Corporate IT’s new vocation will be data integration. Mark Madsen, president of consulting firm Third Nature, will tell delegates at the London TDWI Business Intelligence (BI) Symposium next week, in his keynote speech, that the business of big data will change the function of the IT department to be less about technology and more about information architecture.
Madsen will, he said speaking ahead of the symposium, cast a few swipes in the direction of big data zealots who think their activities “unprecedented”. We need to put precedence back in again. “It is a pity they don’t teach the history of science in science programmes,” he said.
If the history of previous information explosions were better understood, he said, IT and information professionals could abstract the problem better: “We tend to substitute technology for architecture, the concrete for the logical and abstract”.
Madsen also said the business intelligence supplier community has ended up “architecting for its convenience than for what people need. BI still only gets 17% to 24% penetration in a company. That is a sad commentary, and it is because [the vendors] are looking at it through the same lens as at the birth of the data warehouse, 25 years ago."
He added: “Go back 25 years. We had five applications in the enterprise and four were financial. We had limited data and resources. And those resources, in terms of time and people, were insanely expensive. We had million dollar systems with 500GB of data. The world the data warehouse was born into was a totally different world”.
And we now have big data technologies, based largely on emanations from Google, Yahoo and the social media companies, such as Hadoop and NoSQL databases.

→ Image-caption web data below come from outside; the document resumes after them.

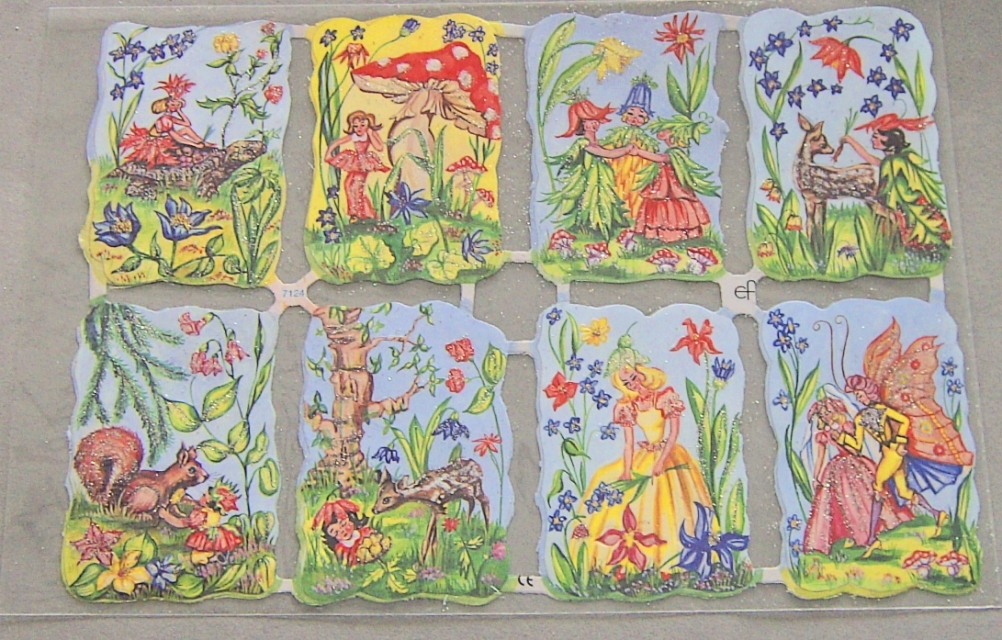 Poesiebild 24 x 17 cm Märchen 8 Elfen 50er Jahre Glimmer silber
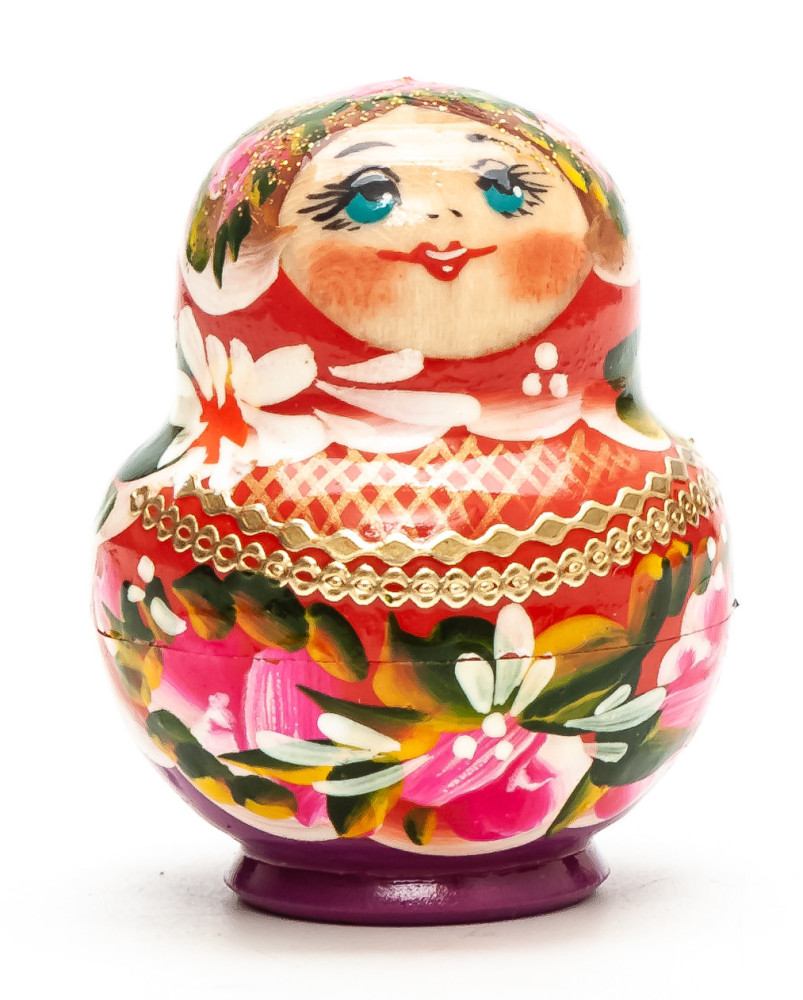 50 mm Flowers hand painted on Wooden Matryoshka doll 5 pcs (by Skazka)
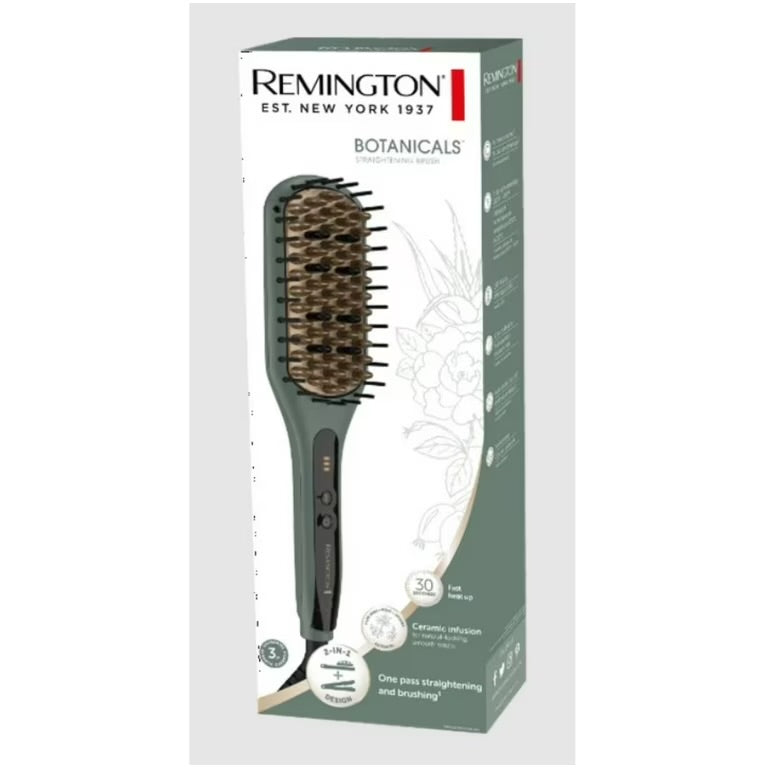 PR REMINGTON Botanicals Cepillo Alisador 2 en 1 para Mujer, Cerdas de Cerámica con Microacondicionadores de Origen Vegetal, Verde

For more on new data architectures
On the business intelligence side of the data warehouse/BI dyad, he said the newer data visualisation vendors, such as Tableau Software and Tibco Spotfire, while building on OLAP architectures from the mid-1990s, are at least tackling “the use case of ‘I don’t quite know what I am looking for, but need to hunt for it’”.

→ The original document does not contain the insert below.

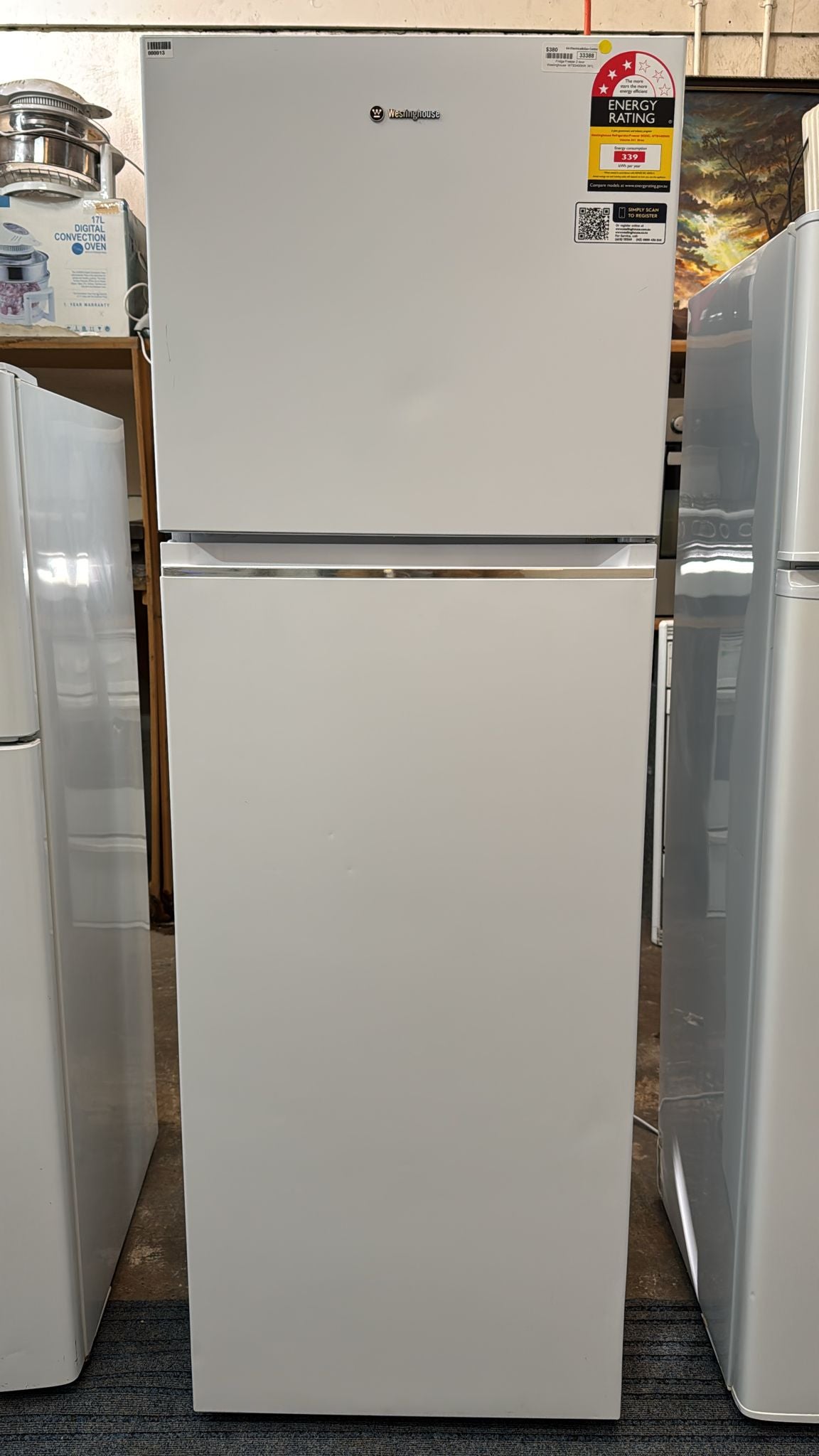 Westinghouse Top Mount Fridge Freezer WTB3400WK 341L (33388)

Old school BI was always too dictatorial, he said. “You had to have a bounded question that fitted into the rectangular borders of a report. The traditional BI vendors have been locked into a SQL call and response to a database. But they are waking up, and will win back market share to the extent that the data is in a data warehouse, as long as they get the HCI [human computer interaction] part right”.

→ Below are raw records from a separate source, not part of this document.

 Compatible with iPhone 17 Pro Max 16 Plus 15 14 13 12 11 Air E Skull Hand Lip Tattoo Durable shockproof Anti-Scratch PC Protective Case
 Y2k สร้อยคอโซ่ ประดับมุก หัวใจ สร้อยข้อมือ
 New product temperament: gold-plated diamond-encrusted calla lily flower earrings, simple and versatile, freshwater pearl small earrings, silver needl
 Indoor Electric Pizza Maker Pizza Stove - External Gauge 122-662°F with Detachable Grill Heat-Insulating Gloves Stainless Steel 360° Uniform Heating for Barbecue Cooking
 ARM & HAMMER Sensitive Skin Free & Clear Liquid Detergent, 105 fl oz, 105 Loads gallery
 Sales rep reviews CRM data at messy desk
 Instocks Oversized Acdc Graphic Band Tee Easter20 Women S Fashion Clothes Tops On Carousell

As business intelligence moves away from its core of finance, it has to respond to different needs in work groups on the edge of the organisation, he said. Mobile BI necessitates different interaction models, he said: “It’s not just about smaller screens, but about what you do with information when you are in the middle of a process looking at things – on the factory floor – and not sitting looking at a screen on a desk”. In a mobile context, you need a custom application, not so much to query data, but to get alerts: “That’s all new”.
Madsen takes the view that Oracle, IBM and Microsoft are in an architectural dead end when it comes to databases: “That model of building a universal database is gone, for the time being at least. Parallel, shared nothing, domain specific databases solving domain specific problems is the conventional wisdom”.
As for the big data realm, there is, he said a quandary. “Do we have SQL semantics moving over into MapReduce land, or do we have two separate, distinct environments. And it is not clear yet what will happen. You have Greenplum, with its SQL on Hadoop version. You have Teradata, with Aster, with MapReduce wrapped under SQL. And then there is the big data crowd, who think they will take over the world”.
The data warehouse does what it does well and is not going to go anywhere. But it is not architected very well for the future
Madsen sees the future of corporate IT, in this new data environment, to be more architectural. “The data warehouse does what it does well and is not going to go anywhere. But it is not architected very well for the future”. There is an analogy, he said, with the shift from Web 1.0 to Web 2.0. There, allowing web browsers to do RPCs [remote procedure calls] eliminated the application-server model, making the web less broadcast and more interactive.
“A lot of the big data stuff, seen as data infrastructure, is, similarly, about reconfiguring [components of] the architecture, putting the data warehouse in place as one piece of a larger picture.
“The role of IT changes with cloud infrastructure, software as a service, applications moving outside, and so on. And so we are not managing servers, or databases, or applications (other than some security administration). Our job, as IT, revolves entirely around one thing -- data integration”.